At first, it was subtle. The change crept in like a shadow, slow and silent.
Weeks turned into months, and the warmth that once lived in Auntie Rebecca’s home slowly died.
The smiles faded. The tone of her voice hardened. The gentle touch was gone.
Auntie Rebecca stopped him from watching programs on the television because he never recharged the Netflix account.
“You can only watch movies when your mates are busy hustling,” she said sharply, eyes glued to her phone.
It started with this small restriction, but soon, the neglect spread.
While her children had freshly made jollof rice, soft plantains, and chilled juice, Daniel was handed cold white rice with palm oil—sometimes with nothing else.
“Eat fast,” she would say, not looking up. “You should be grateful someone took you in. Or would you rather beg on the street?”
Sometimes, there was no food at all. No explanation. No apology. And if he dared ask, the answer came sharp and cold: “So you want to turn my house into a restaurant? Or a charity where you eat without even working for it? Better drink water and sleep.”
Her children, confused by the change, still tried to treat him like their brother. Timothy once sneaked a piece of fried meat into Daniel’s plate. Vanessa brought garri and sugar to his room after he went to bed hungry. Little Tochi even tried to sneak into his room one night to give him biscuits.
But Auntie Rebecca always found a way to block them.
“Tochi! Come and fetch water.”
“Vanessa, go and study your books and now—before I change it for you.”
“Timothy! Don’t you have homework? Why are you always in Daniel’s room?”

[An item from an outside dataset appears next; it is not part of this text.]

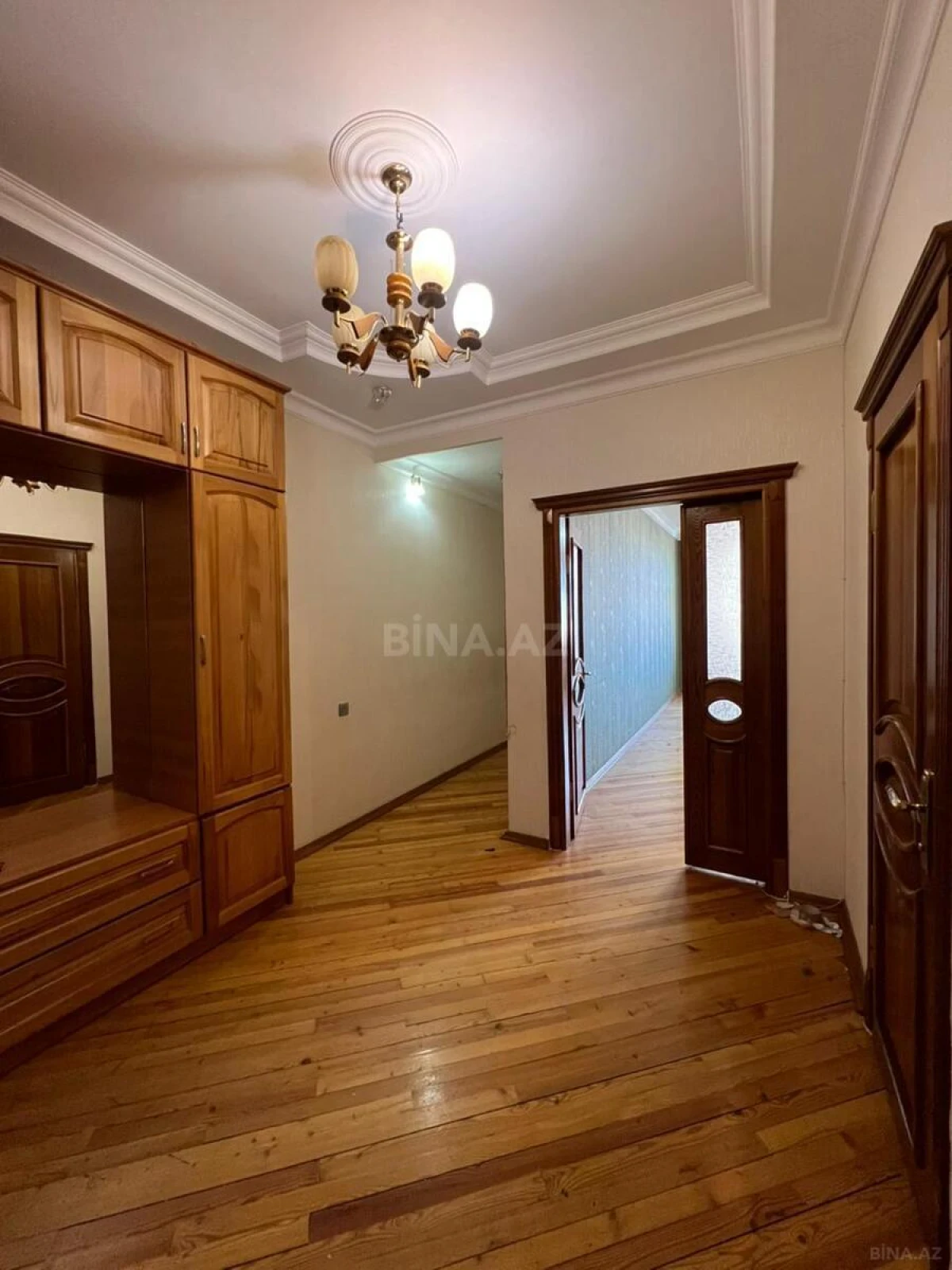 Satılır 3 otaqlı mənzil 125 m²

She said it with a smile, but her eyes always watched.
Watched Daniel.
Watched her children.
Watched every movement, like a warden in a prison.
Then the phone calls started. Low whispers behind closed doors. But Daniel heard.
“He’ll inherit nothing. They left debts, not wealth.”
“The house is already on the market. It’s not his. Never was.”
“Abeg, I didn’t sign up to raise somebody else’s ghost child.”
Daniel never asked questions, but he knew. He saw the way she counted every grain of rice he ate, how she locked the fridge now, how his things started missing—one by one.
Then came the news.
His parents’ house was gone.
Seized.
The bank said unpaid loans.
The business failed.
His father’s partners stopped calling. Instead, strangers came—knocking, shouting, threatening.
“They owed us millions!”
“Tell whoever is in charge now that we’ll be back with lawyers!”
Auntie Rebecca didn’t say a word in their defense. She didn’t even blink.
That evening, Daniel returned from his POST UTME lessons, drenched from the rain, to find his clothes scattered across the living room.
Auntie Rebecca stood over the mess, her face tight with anger.
“You’re cursed!” she shouted. “Ever since you came into this house, things started breaking down. Businesses failed. Debts came. My life has not known peace!”
Daniel stepped back, confused, hurt. “But I didn’t...”
Before he could finish, the slap landed sharply on his left cheek—hot, loud, and sudden. The sting spread quickly, making his eyes water.
“You think you can talk back at me? Me? In my own house?” She raised her hand again, and this time, she quickly picked up the broom and brought it down hard across his back.
“Wizard! You’re sucking life from this home like a parasite!”
He broke down instantly, tears streaming freely as he trembled under the pain.